Patrick Madden: Advocates are "Delusional"
Anyone who was a little depressed from Patrick Groeneveld's presentation was not helped by Patrick Madden, whose first words were that Groeneveld was "way too optimistic" about parallel programming. I was not surprised. In a panel (with the real Gene Amdahl) that I wrote about a couple of years ago, Madden said that multicore programming is "the end of the world as far as I'm concerned."
Madden, however, is working on a problem that should be important to parallel programmers - speeding up the "hard serial bottlenecks" that cannot be parallelized, and thus give rise to the limitations of Amdahl's Law. And where do we find such bottlenecks? In papers and books by parallel programming experts, he suggested. He told of one Design Automation Conference (DAC) paper that presented a 100-fold speedup with a parallelized algorithm. It later turned out that a time-worn serial algorithm actually did a faster job of solving the same problem, with no special hardware required.
"I would think that when I pick up a technical paper from a major university, things should be correct," Madden said. "Instead there are monumental flaws presenting a new technology that's orders of magnitude slower than the existing solution." With a slide including a photo of Bernie Madoff, he suggested that some of the published parallel processing research is fraudulent.
Audience members reacted, saying that Madden was "too skeptical," focusing on a small amount of bad research, and not giving new programming methods a chance to catch up. "If I do video, a lot of stuff is embarrassingly parallel and that's how it's done," one said. Madden agreed, but went on to suggest that some parallel programming advocates are "delusional" and are seeing what they wish to see after taking grant money to do parallel computing research.
Tom Spyrou: Yes, We Can Parallelize Legacy Code
It may have been a hard act to follow, but Tom Spyrou spoke next, in a calm presentation that showed how legacy EDA code can be parallelized within the context of Amdahl's Law. Spyrou focused on the "fine grained" problems that are most difficult to parallelize.
"For multicore, with 4 to 8 cores, there are shortcuts you can take to get legacy code to run in parallel," he said. "When it comes to manycore, 128 cores and all that, I think it will have to be written from the ground up. I think a lot of fine-grained problems aren't going to scale, just like [Madden] said."
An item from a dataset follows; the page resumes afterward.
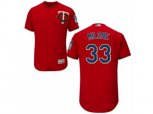 Minnesota Twins #33 Justin Morneau Scarlet Flexbase Authentic Collection MLB Jersey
Still, some clever things can be done today. One is to create a "parallel reducer server" for parasitic reduction. The idea is to take a net and reduce it to a math transfer function, using parallel calls to the server. There are no threads or thread safety issues, and the approach provides data locality, which will be important for manycore.
Another example is parallel noise analysis. It is hard to make legacy code thread-safe, but you can use a Copy on Write fork() construct as a short-term solution. It shares only "read" memory with its parent, but if memory is modified, it is automatically duplicated in the child.
While some easy-to-parallelize applications are more scalable, Syprou said that the overall Encounter netlist-to-GDSII flow is now running about 2X faster on 4 cores, thanks to the work that's been done to parallelize legacy code.
My Perspective
I think there's some truth in each of these presentations. Legacy serial code is really hard to parallelize, and not everything should be parallelized. University research may well focus too much on parallel programming and not enough on serial bottlenecks. But let's not throw up our hands and say it can't be done. Let's get to work and do what we can to speed up EDA software for multicore platforms, just as Spyrou has been doing since 2006 at Cadence.